» **Assignment**
Leave out the pictures and restate the rest of the data exactly.

» **Collected material**
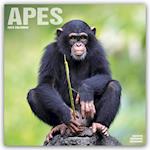 Apes Calendar 2025 Square Animal Wall Calendar - 16 Month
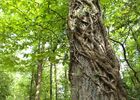 imgpreview-name-mising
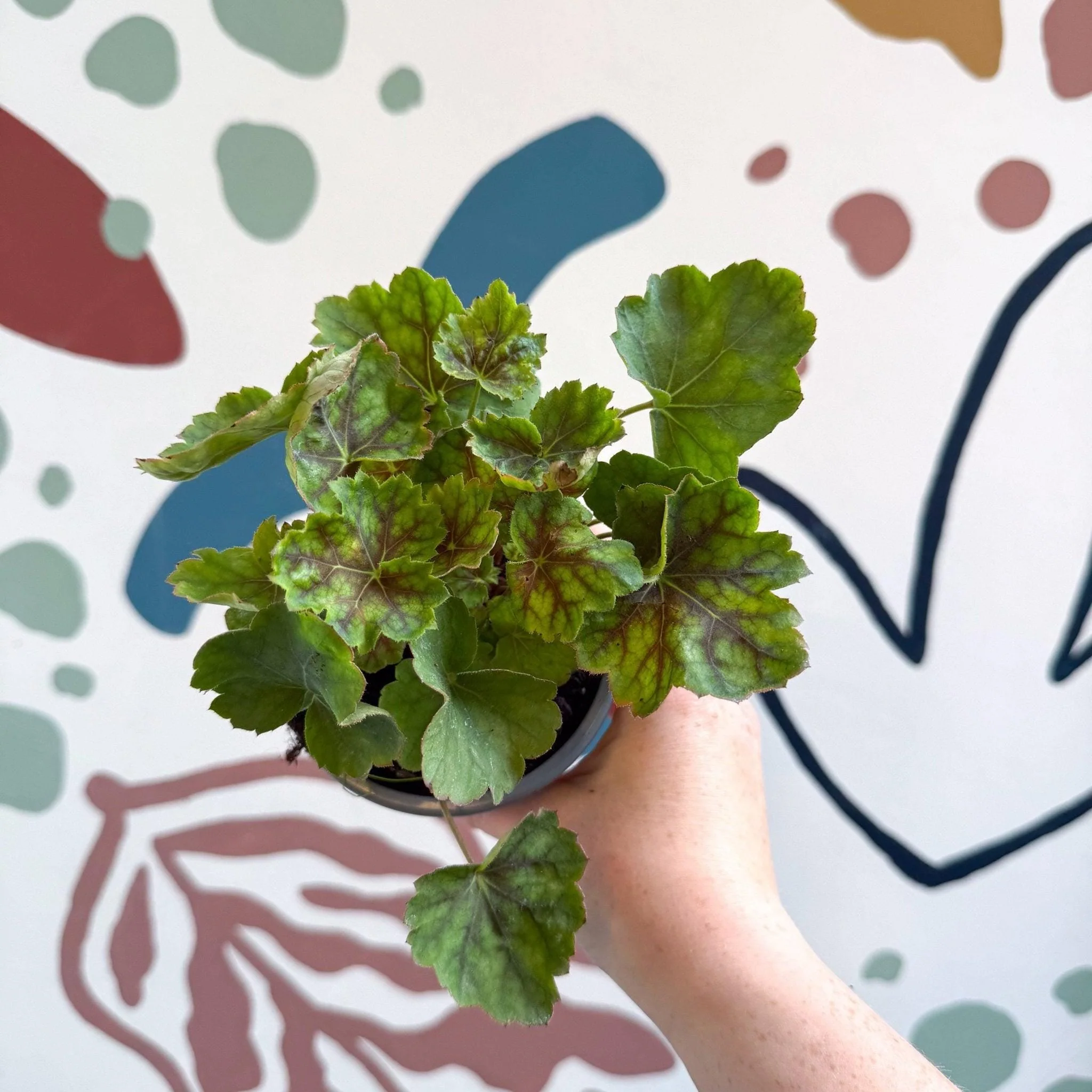 Heuchera americana 'Marvelous Marble' - British Grown Herbaceous Perennial - Image 8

» **Your response**
 Apes Calendar 2025 Square Animal Wall Calendar - 16 Month
 imgpreview-name-mising
 Heuchera americana 'Marvelous Marble' - British Grown Herbaceous Perennial - Image 8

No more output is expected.